What the task requires:
What is needed is a verbatim copy of the data, minus the pictures.

Record set:
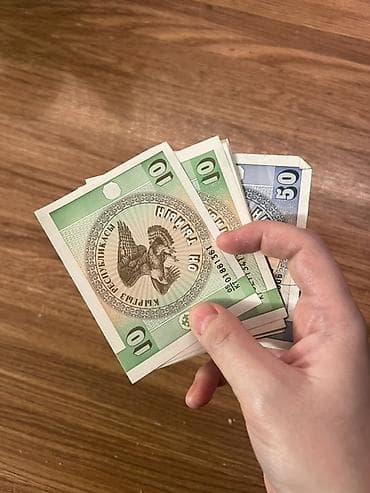 Набор сувенирных купюр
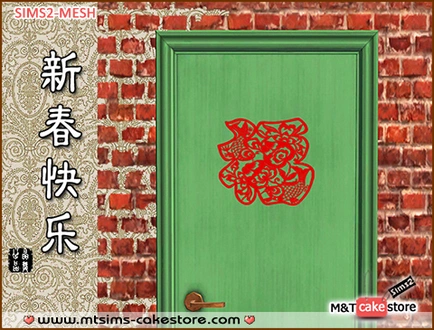 Jeanie_Set_ChineseWallTattoo.rar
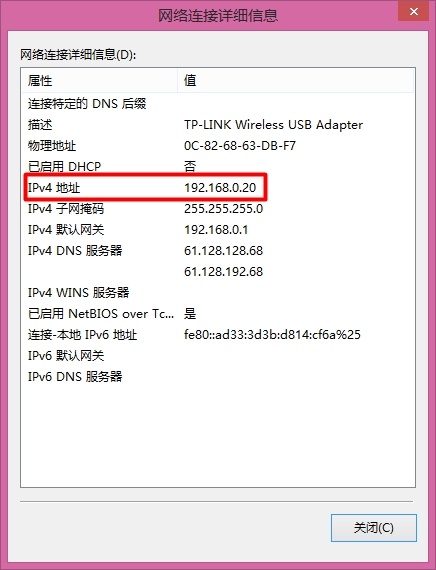 电脑使用192.168.0.0网段的IP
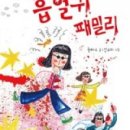 꿈꾸는도서관 이미지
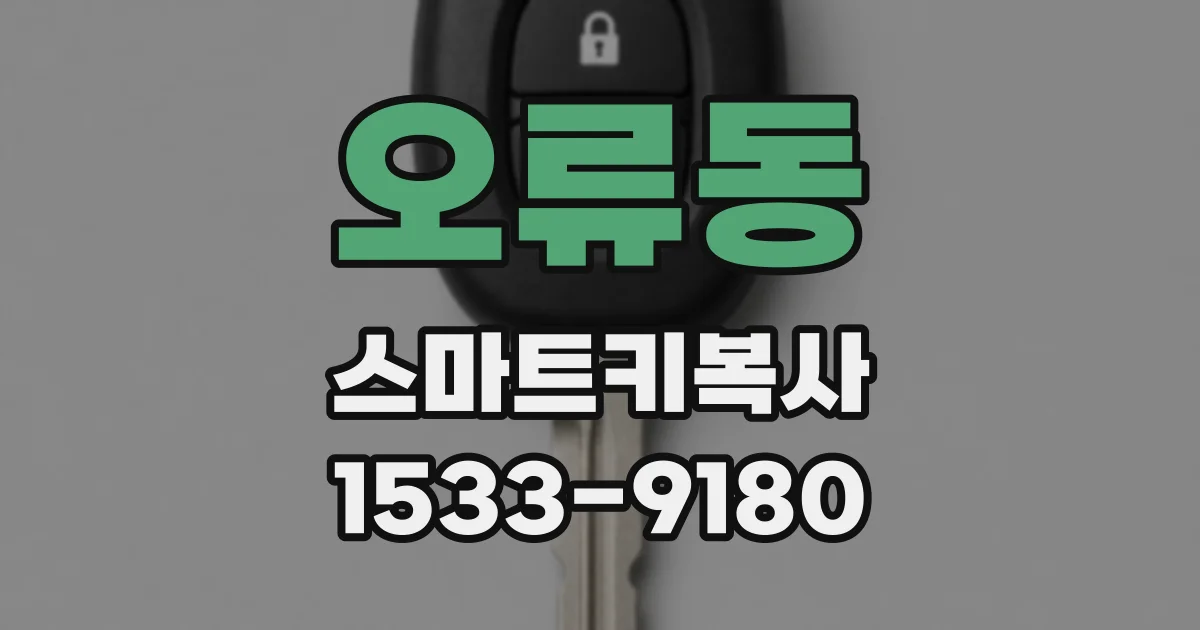 오류동 스마트키복사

Response for this exercise:
 Набор сувенирных купюр
 Jeanie_Set_ChineseWallTattoo.rar
 电脑使用192.168.0.0网段的IP
 꿈꾸는도서관 이미지
 오류동 스마트키복사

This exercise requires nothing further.